Slack at Work

Slack at Work

It is like a chat/messaging app that can be used across multiple platforms and devices, with features such as one-to-one and group messaging, file sharing plus integration into several popular apps and web services.

(Photo: Raj Verma)
Tushar Kanwar
  • Delhi,
  • Apr 08, 2016,
  • Updated Apr 08, 2016, 1:54 PM IST

Think about the often-pointless rigmarole of attending to work e-mails, then waiting for responses or following up and you know why productivity and e-mails don't really make the best bedfellows. This is a problem Slack is looking to solve by enabling real-time messaging between teams of all sizes. The lure is disarmingly simple - Slack promises to make work teams more productive by largely reducing the need for meetings and e-mails.

It is like a chat/messaging app that can be used across multiple platforms and devices, with robust features such as one-to-one and group messaging, file sharing plus integration into several popular apps and web services. The key to Slack is that it is fun to use - a word typically not associated with any sort of enterprise software. Slack allows professional discussions to turn into any shade of personable, thanks to liberal support for emojis and animated GIFs. The app is peppered with jokes and upbeat messages, offers a free tier that lets you browse and search only 10,000 most recent messages and a 5 GB limit to file storage. The paid pricing tiers - Standard ($6.67 per user per month) and Plus ($12.50 per user per month) - add a host of enterprise system support.

To begin using Slack, you either create a team or get invited to one. A team gets a unique sub-domain on the site, which serves as the central repostitory for all messages, files and accounts. Based on topic, department or task, you can group conversations into channels, which can be public or private. Past discussions are searchable, which lets new joinees scroll back hours, days or even weeks, and come up to speed with what has been said previously. Notifications for new messages are customisable, plus you can let a team snooze all notifications outside office hours.

Once you are familiar with the interface, and up and running on your channels, Slack also offers integrations to hundreds of third-party tools to transfer data in and out of Slack teams. You can, for instance, start up Skype sessions or add calendar entries from within Slack, or you could alert a channel when your company's name is mentioned on social media or when a help desk ticket is created. Sales managers can be alerted about every point-of-sale transaction if using a web-based POS system. You could even use it to wish employees on their birthdays.

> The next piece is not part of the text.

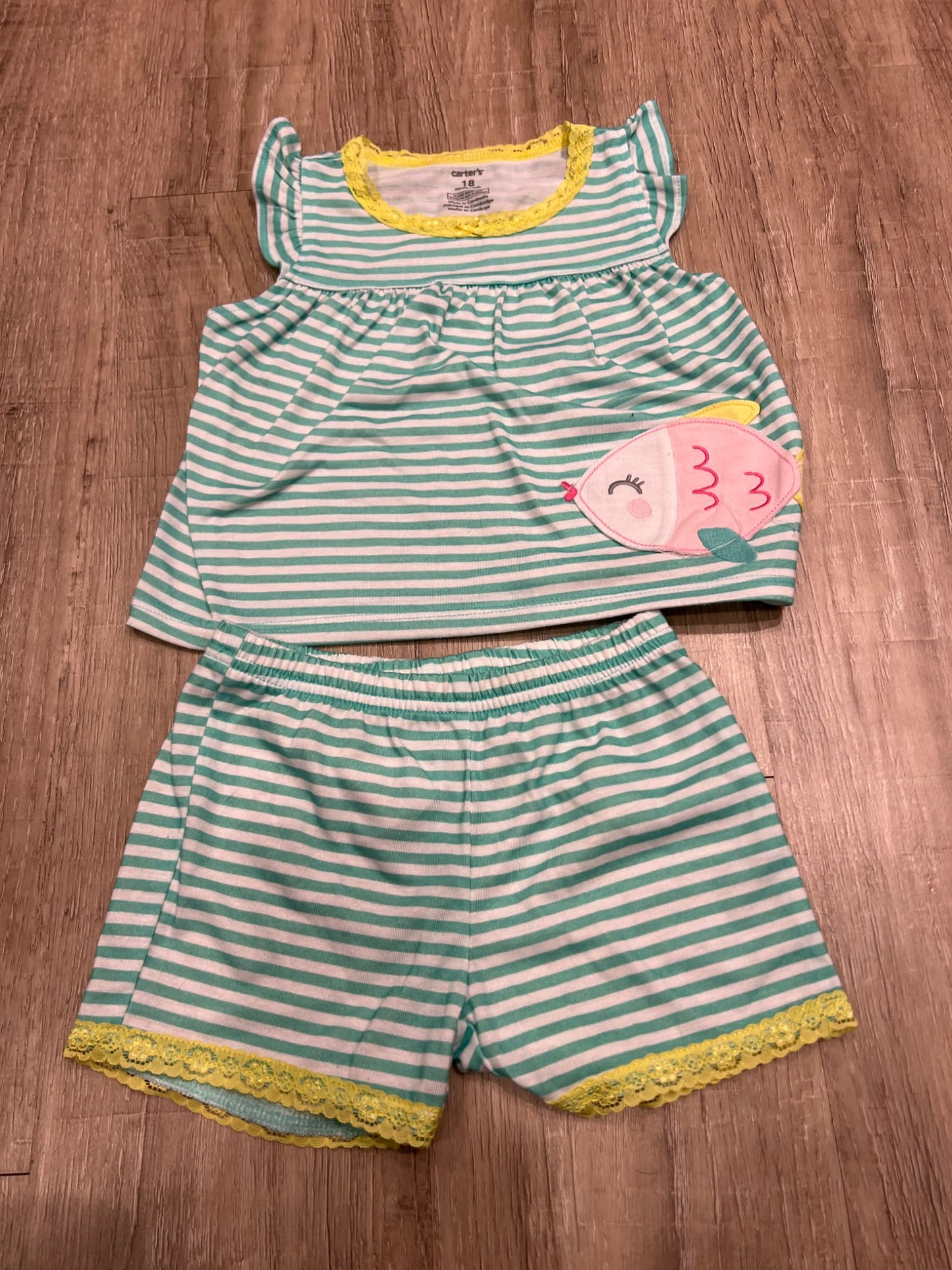 *Carters 18 month pajama set green striped , Kids 18 Month (12-18M)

The programming interface allows simple integrations that even a modestly knowledgeable programmer can create, specific to your business.

One of Slack's most loved features, without a doubt, is the Slackbot, which the company's founder, Stewart Butterfield, describes as a "fairly stupid but earnest robot that helps you get onboard Slack". You can chat with the built-in helper bot, it can monitor messages and take action based on what it sees - like remind you about appointments, keep notes for you, manage private files or even respond to trigger words on your behalf with some predetermined text.

Slack has emerged as the communication service du jour for a ton of new media companies and tech start-ups. In a recent survey of its users, Slack found that the service reduced e-mail volume by close to 50 per cent. But it may not be for everyone, particularly if you need message threading - the ability of messages to form ordered and nested replies to an initial post to track specific discussions. Slack's format also allows distractions and tangential conversations to hijack the discussion. But that happens on e-mails, too, right?